Scientifique d’exception, Marie Curie a profondément marqué l’histoire de la recherche et de la science moderne. Née en Pologne, elle s’installe en France pour poursuivre ses études et s’impose dans un milieu scientifique alors presque exclusivement masculin. Avec Pierre Curie, elle mène des travaux pionniers sur la radioactivité, un domaine encore inconnu à l’époque. Elle reçoit en 1903 le Prix Nobel de physique, devenant la première femme récompensée, puis en 1911 le Prix Nobel de chimie, une distinction unique qui fait d’elle la seule femme à avoir obtenu deux Prix Nobel dans deux disciplines scientifiques différentes. Son engagement ne se limite pas à la recherche : durant la Première Guerre mondiale, elle participe activement à l’organisation de services de radiologie mobile pour soigner les blessés. Marie Curie incarne l’excellence scientifique, la persévérance et le progrès au service de l’humanité.

Médecin et chirurgienne, Suzanne Noël est une pionnière de la chirurgie reconstructrice et esthétique en France. Pendant la Première Guerre mondiale, elle met son expertise au service des soldats gravement blessés au visage, appelés les « gueules cassées ». Grâce à ses innovations techniques et à son approche humaine, elle contribue à restaurer non seulement l’apparence, mais aussi la dignité et la confiance de nombreux blessés. Première femme à exercer pleinement dans ce domaine, elle s’engage également pour la reconnaissance des femmes dans la médecine et dans la société. Fondatrice de clubs féminins internationaux, Suzanne Noël défend l’indépendance, l’émancipation et la solidarité entre les femmes. Son héritage médical et social demeure une source d’inspiration.

Adrienne Bolland est l’une des grandes figures féminines de l’aviation française du XXᵉ siècle. Elle obtient son brevet de pilote en 1920, à une époque où très peu de femmes accèdent à ce domaine encore expérimental et largement masculin. Passionnée et audacieuse, elle se distingue rapidement par son sang-froid et sa maîtrise du pilotage. Le 1ᵉʳ avril 1921, elle entre dans l’histoire en devenant la première femme à traverser seule la Manche en avion depuis la France, malgré des conditions météorologiques difficiles et des moyens techniques rudimentaires. Cet exploit spectaculaire lui vaut une reconnaissance internationale et contribue à faire évoluer le regard porté sur les femmes dans les métiers de l’aviation.
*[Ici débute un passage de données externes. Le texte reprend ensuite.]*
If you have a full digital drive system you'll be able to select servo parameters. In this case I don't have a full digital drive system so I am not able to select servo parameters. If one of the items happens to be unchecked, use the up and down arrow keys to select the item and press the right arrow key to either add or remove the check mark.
Adrienne Bolland incarne la liberté, le courage et la capacité des femmes à repousser les limites imposées par leur époque.
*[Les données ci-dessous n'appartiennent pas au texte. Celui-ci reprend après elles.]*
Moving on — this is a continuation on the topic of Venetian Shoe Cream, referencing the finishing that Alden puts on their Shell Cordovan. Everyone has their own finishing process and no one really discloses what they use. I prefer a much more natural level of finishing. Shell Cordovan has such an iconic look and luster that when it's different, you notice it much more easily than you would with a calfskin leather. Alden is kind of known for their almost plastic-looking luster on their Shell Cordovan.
Simone Veil est une figure majeure de la vie politique française et européenne. Déportée à l’âge de 16 ans dans les camps de concentration nazis, elle survit à l’horreur de la Shoah et fait de cette épreuve un moteur pour son engagement futur. En tant que Ministre de la Santé, elle porte avec courage, en 1974-1975, la loi dépénalisant l’interruption volontaire de grossesse. Ce débat historique, mené dans un contexte très tendu, marque une avancée essentielle pour les droits et la santé des femmes. Simone Veil poursuit ensuite son engagement en devenant la première femme présidente du Parlement européen, œuvrant pour la paix, la mémoire et la construction européenne. Son parcours est un exemple de résilience, de dignité et de service public.

Avocate, écrivaine et militante féministe, Gisèle Halimi a consacré sa vie à la défense des droits humains et à la lutte pour l’égalité. Dès le début de sa carrière, elle choisit de défendre les causes difficiles, s’engageant notamment contre la torture pendant la guerre d’Algérie. Dans les années 1970, elle devient une figure majeure du combat pour les droits des femmes en France. Son rôle est déterminant lors du procès de Bobigny en 1972, où elle défend une jeune fille poursuivie pour avoir avorté, contribuant ainsi à faire évoluer le débat public. Co-fondatrice du mouvement « Choisir la cause des femmes », signataire du Manifeste des 343, Gisèle Halimi a marqué l’histoire par son courage, son éloquence et sa détermination à faire progresser la justice et les libertés fondamentales.